Verse 16 elaborates on this placing love of the world into three categories:
- Desires (ESV) or lusts (KJV) of the flesh, cravings of sinful man (NIV)
- Desires (ESV) or lusts (KJV/NIV) of the eyes
- Pride of life (ESV/KJV), boasting of what he has and does (NIV)
Lusts of the flesh
Lust jumps right out at us suggesting sexual passion, but while this is included here that is not all which is intended. Into this category would go all the low-level passions, animal passions some commentators call it. Here should be placed a general desire to indulge the appetites. It might be a particular unsuitable action, thought, or word. Or, it could mean lack of moderation in gratifying an acceptable desire. Does one live for good food? Weekends? Tubing on the canal? Travel to exotic places? Participation in a concert or sports event? Winning a lottery? Does one hunt for a particular sexual experience God has placed in the off-limits bucket, or does one lose moderation in a legitimate sexual experience? These are lusts of the flesh, cravings of sinful man.
In Gills’ exposition of the Bible he states it like this: “intemperance in eating and drinking, gluttony and drunkenness, excess of wine, surfeitings2, rioting3, and revellings4, and all the sensual pleasures of life, by which the carnal mind, and the lusts of it, are gratified.”
Lusts of the eyes
The easiest thing to consider regarding this is covetousness.

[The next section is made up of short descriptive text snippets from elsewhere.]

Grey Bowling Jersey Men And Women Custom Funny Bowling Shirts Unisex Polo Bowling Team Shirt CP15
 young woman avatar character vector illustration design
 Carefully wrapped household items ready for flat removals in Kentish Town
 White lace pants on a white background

To covet is to look upon with a desire to have. Jesus warned of this about looking upon a woman in Matthew 5:28. That is but a section of what is here intended. Solomon said in Ecclesiastes 1, “The eye never has enough of seeing or the ear of hearing.” What about the Mercedes or the BMW? What about the Coach or the Michael Kors purse? Perhaps the luxurious master bathroom with its bubbling whirlpool tub?
The Contemporary English Version puts it well with David’s words. “Take away my foolish desires, and let me find life by walking with you.” That is from Psalm 119:37. Or maybe the Good News Translation makes it easier to understand, “Keep me from paying attention to what is worthless.”